La technique du critique en treize thèses
I - Le critique est stratège dans la bataille de la littérature.
II - Qui ne peut prendre parti doit se taire.
III - Le critique n'a rien à voir avec l'exégète des époques passées de l'art.
IV - Le critique doit parler la langue des artistes. Car les notions du cénacle sont des slogans. Et c'est seulement dans les slogans que retentissent les clameurs du combat.
V - L'"objectivité" doit être toujours sacrifiée à l'esprit de parti, si en vaut la peine la cause pour laquelle on se bat.
VI - La critique est affaire de moralité. Si goethe se trompa sur Höderlin et Kleist, Beethoven et Jean Paul, cela ne concerne pas sa compréhension de l'art, mais sa morale.
VII - Pour le critique ses collègues sont l'instance suprême. Pas le public. A plus forte raison pas la postérité.
VIII - La postérité oublie ou célèbre. Seul le critique juge en face de l'auteur.
IX - La polémique, c'est anéantir un livre en quelques citations. Moins on l'étudie, mieux c'est. Seul celui qui peut anéantir peut critiquer.
X - La vraie polémique gourmande un livre avec autant de tendresse qu'un cannibale qui se prépare un nourrisson.
XI - L'exaltation artistique est étrangère au critique. L'oeuvre d'art est dans sa main l'arme blanche dans le combat des esprits.
XII - L'art du critique in nuce (en peu de mots) : forger des slogans sans trahir les idées. Les slogans d'une critique insuffisante bradent l'idée au profit de la mode.
XIII - Le public doit sans cesse voir ses droits méconnus et se sentir pourtant toujours représenté par le critique.
WALTER BENJAMIN.
Treize - j'eus un plaisir cruel de m'arrêter sur ce nombre.
Marcel Proust
Le reploiement vierge du livre, encore, prête à un sacrifice
dont saignera la tranche rouge des anciens tomes; l'intro-
duction d'une arme, ou coupe-papier, pour établir la prise
de possession. Stéphane Mallarmé
1 - On peut prendre dans son lit les livres et les putains.
2 - Les livres et les putains croisent le temps : ils dominent la nuit comme le jour, et le jour comme la nuit.
3 - Personne ne voit à l'apparence des livres et des putains que les minutes leur sont précieuses. Mais lorsqu'on se commet un peu plus avec eux, on remarque à quel point ils sont pressés. Ils facturent pendant que nous nous enfonçons en eux.
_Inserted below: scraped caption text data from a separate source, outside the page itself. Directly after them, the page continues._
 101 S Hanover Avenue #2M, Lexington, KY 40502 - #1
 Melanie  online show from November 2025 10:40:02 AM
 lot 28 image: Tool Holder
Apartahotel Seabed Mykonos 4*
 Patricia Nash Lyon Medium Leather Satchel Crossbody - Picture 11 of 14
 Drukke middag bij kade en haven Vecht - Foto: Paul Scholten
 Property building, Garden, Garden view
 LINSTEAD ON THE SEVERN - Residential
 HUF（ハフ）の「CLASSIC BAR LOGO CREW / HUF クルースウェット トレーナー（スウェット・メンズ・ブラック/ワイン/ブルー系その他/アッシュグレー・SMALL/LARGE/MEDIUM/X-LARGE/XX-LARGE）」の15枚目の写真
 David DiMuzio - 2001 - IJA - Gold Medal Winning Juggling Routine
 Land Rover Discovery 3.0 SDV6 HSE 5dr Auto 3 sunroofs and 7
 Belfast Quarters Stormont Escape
4 - Les livres et les putains sont unis depuis toujours par un amour malheureux.
5 - Les livres et les putains - ils ont chacun leur genre d'hommes, qui vivent sur leur dos et les maltraitent. Pour les livres, ce sont les critiques.
6 - Les livres et les putains dans des maisons publiques - pour étudiants.
7 - Les livres et les putains - il voit rarement leur fin, celui qui les a possédés. Ils disparaissent d'ordinaire avant de mourir.
8 - Les livres et les putains racontent avec tant de plaisir, et tant de mensonges, la manière dont ils en sont venus là. En vérité ils n'y prêtent pas eux-mêmes attention. On se livre à tout "par amour" pendant des années et un jour, sous la forme d'un corpus bien en chair, on retrouve en train de faire le trottoir ce qui se contentait toujours de planer au-dessus "pour faire des études".
9 - Les livres et les putains aiment à tourner le dos quand ils s'exposent.
10 - Les livres et les putains rajeunissent beaucoup.
11 - Les livres et les putains - "Vieille bigote - jeune catin". Combien de livres furent décriés dans lesquels la jeunesse doit aujourd'hui apprendre!
12 - Les livres et les putains portent leurs disputent devant les gens.
13 - Les livres et les putains - les notes en bas de page sont pour les uns ce que sont les bank-notes glissées dans le bas pour les autres.